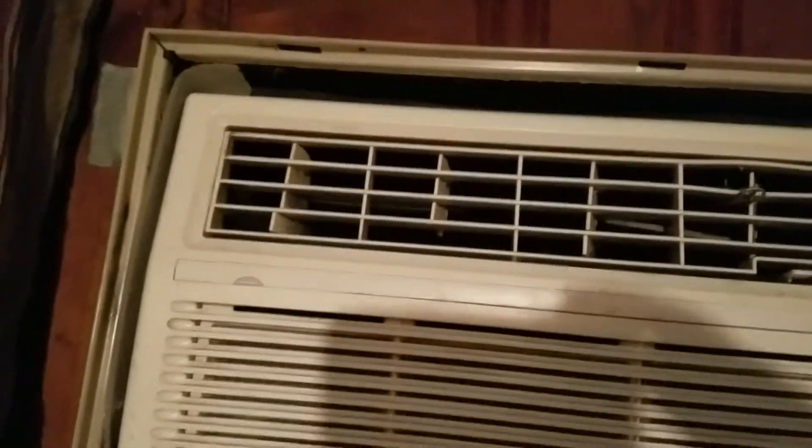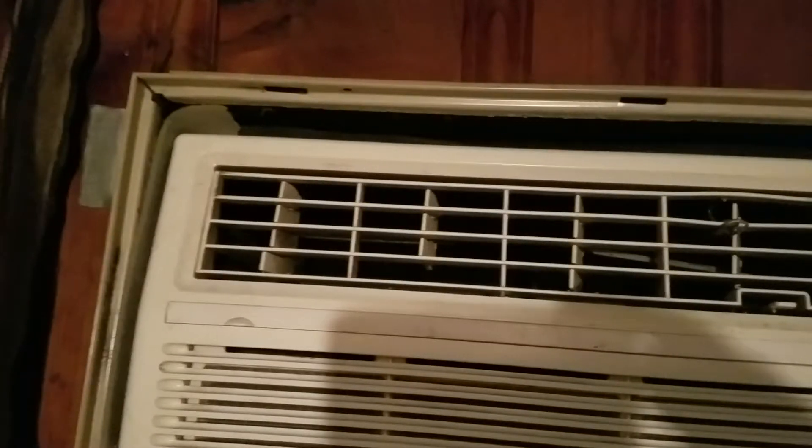We have our old Windy unit air conditioner, this one mounted up on the wall. It's been cold weather and I hadn't really thought about it before, but this is basically just a hole in the wall — it lets air in, lets air out. If it's cold air outside, that means it's letting cold air inside.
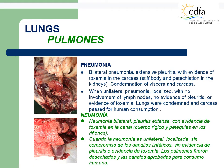Lungs with pneumonia. In the top photo, the pneumonia is bilateral, affecting both lungs, with extensive pleuritis, with evidence of toxemia in the carcass, stiff body, and petechiation in the kidneys. Condemnation of both viscera and carcass is required. On the bottom photo, the pneumonia is unilateral, localized, with no involvement of lymph nodes, evidence of pleuritis, or evidence of toxemia. Lungs must be condemned and carcass will pass for human consumption.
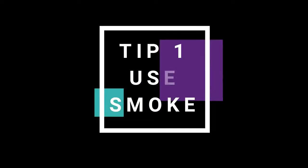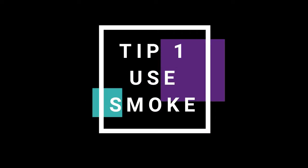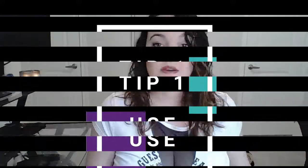Tip number one: we're going to start with the most popular way, and that is to clear your cards using smoke. You can clear your cards using the smoke of sage, incense, palo santo, whatever you have on hand. You're just going to run the cards through the smoke. You can do each card individually.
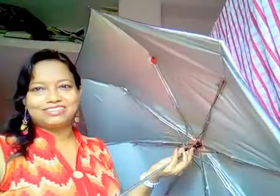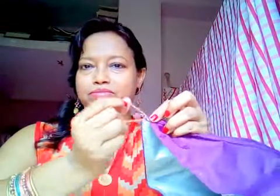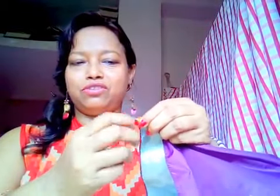There is a solution. Take a rubber band, hold it, fix it — put the rubber band around the rod and the umbrella cloth also.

----------

▸ Task to complete: Please provide a faithful transcription of all the data, pictures excluded.

▸ Exercise result:
We have our old Windy unit air conditioner, this one mounted up on the wall. It's been cold weather and I hadn't really thought about it before, but this is basically just a hole in the wall — it lets air in, lets air out. If it's cold air outside, that means it's letting cold air inside.
Lungs with pneumonia. In the top photo, the pneumonia is bilateral, affecting both lungs, with extensive pleuritis, with evidence of toxemia in the carcass, stiff body, and petechiation in the kidneys. Condemnation of both viscera and carcass is required. On the bottom photo, the pneumonia is unilateral, localized, with no involvement of lymph nodes, evidence of pleuritis, or evidence of toxemia. Lungs must be condemned and carcass will pass for human consumption.
Tip number one: we're going to start with the most popular way, and that is to clear your cards using smoke. You can clear your cards using the smoke of sage, incense, palo santo, whatever you have on hand. You're just going to run the cards through the smoke. You can do each card individually.
There is a solution. Take a rubber band, hold it, fix it — put the rubber band around the rod and the umbrella cloth also.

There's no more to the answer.